Michael Viner, 65, publisher of audio books
LOS ANGELES - Michael Viner, a publisher who specialized in audio books and earned a reputation for quick hits with sensational stories, including O.J. Simpson trial figure Faye Resnick’s book about Nicole Brown Simpson, died of cancer Saturday at his Beverly Hills home. He was 65.
His death was announced by a spokesman for Phoenix Books Inc., a company he founded in 2005.
Mr. Viner, a former music and television producer, launched himself into a fledgling audio publishing industry in 1985 when he and actress Deborah Raffin, then his wife, opened Dove Books-on-Tape in the garage of their home in the Los Angeles area.
The company found success with a mix of high- and lowbrow titles, from Sidney Sheldon’s bestseller “The Naked Face’’ to physicist Stephen W. Hawking’s opus on the cosmos, “A Brief History of Time,’’ which was Dove’s first big hit.
“He was a hard-driving, dedicated proponent of the audio book industry’’ who contributed to its early growth, said Janet Benson, president of the Audio Publishers Association.

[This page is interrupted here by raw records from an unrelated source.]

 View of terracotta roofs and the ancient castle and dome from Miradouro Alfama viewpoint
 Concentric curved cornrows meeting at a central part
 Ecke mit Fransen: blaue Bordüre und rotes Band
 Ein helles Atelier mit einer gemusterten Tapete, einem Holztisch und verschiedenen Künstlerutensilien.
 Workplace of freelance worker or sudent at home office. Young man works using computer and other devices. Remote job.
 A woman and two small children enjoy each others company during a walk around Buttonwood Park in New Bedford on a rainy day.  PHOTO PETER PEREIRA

But he was also the bull in the china shop of the genteel world of audio publishing, whose aggressive promotion, litigious nature, and penchant for turning notorious figures into instant authors made him “difficult to embrace fully,’’ Benson said.
After Mr. Viner (pronounced Veen-er) and Raffin expanded into hardcover publishing, their most sensational releases included “You’ll Never Make Love in This Town Again’’ (1996), which purported to present the true sexual adventures of four women seeking fame and fortune in Hollywood, and Resnick’s “Nicole Brown Simpson: The Diary of a Life Interrupted’’ (1994).

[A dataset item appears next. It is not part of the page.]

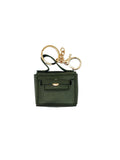 Green keychain pouch with gold clasp on a light gray background
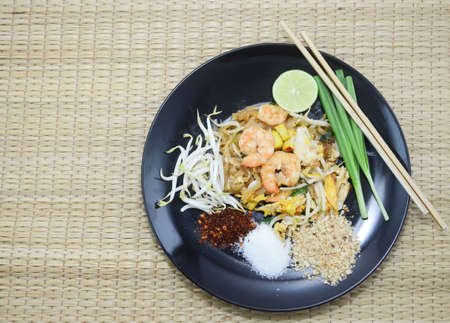 Padthai Fried noodle with shrimp on mat background ,as famous food of Thailandの写真素材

Mr. Viner’s publishing career began after a backgammon game with Sheldon, who lost $8,000 in a high-stakes game with his longtime friend. Rather than take Sheldon’s money, Mr. Viner asked whether Sheldon would let him produce two of the author’s bestsellers as audiotapes. Sheldon agreed and became a partner in Dove.
The company grew quickly, becoming a multimillion-dollar enterprise that rivaled the books-on-tape operations of major publishers such as Random House and Bantam Books.
Although it gained the most notice for releases that seemed to spring from the pages of the tabloid media (such as “The Private Diary of Lyle Menendez’’), most of Dove’s releases were more mundane: actor Paul Scofield reading Charles Dickens or actor Elliott Gould reading Raymond Chandler.
Mr. Viner said that reading classic literature helped him deal with a lonely childhood. Born Feb. 27, 1944, in Washington, D.C., he lost his businessman father to a heart attack when he was 11. After his father’s death, he was sent to a series of military and private schools.
“Books saved me,’’ he told the Los Angeles Times in 1995. “I discovered Dickens, Turgenev. . . . I read Twain, Thurber, Dorothy Parker.’’
When he was at Chadwick, he began working summers in the mail room at 20th Century Fox. He majored in English at Harvard before studying at Georgetown University’s School of Foreign Service. But instead of seeking a career in the diplomatic corps, he wound up working as a personal aide to Senator Robert F. Kennedy during the latter’s fateful 1968 presidential bid.
He became interested in audio books about a decade later, when he was searching for good books on tape to give an uncle. Noticing that there were not many titles, he asked Sheldon and his neighbor, Norman Cousins, whether any of their books were available on tape. “They said no,’’ Mr. Viner recalled. “I thought, ‘There’s a business here.’ ’’![]()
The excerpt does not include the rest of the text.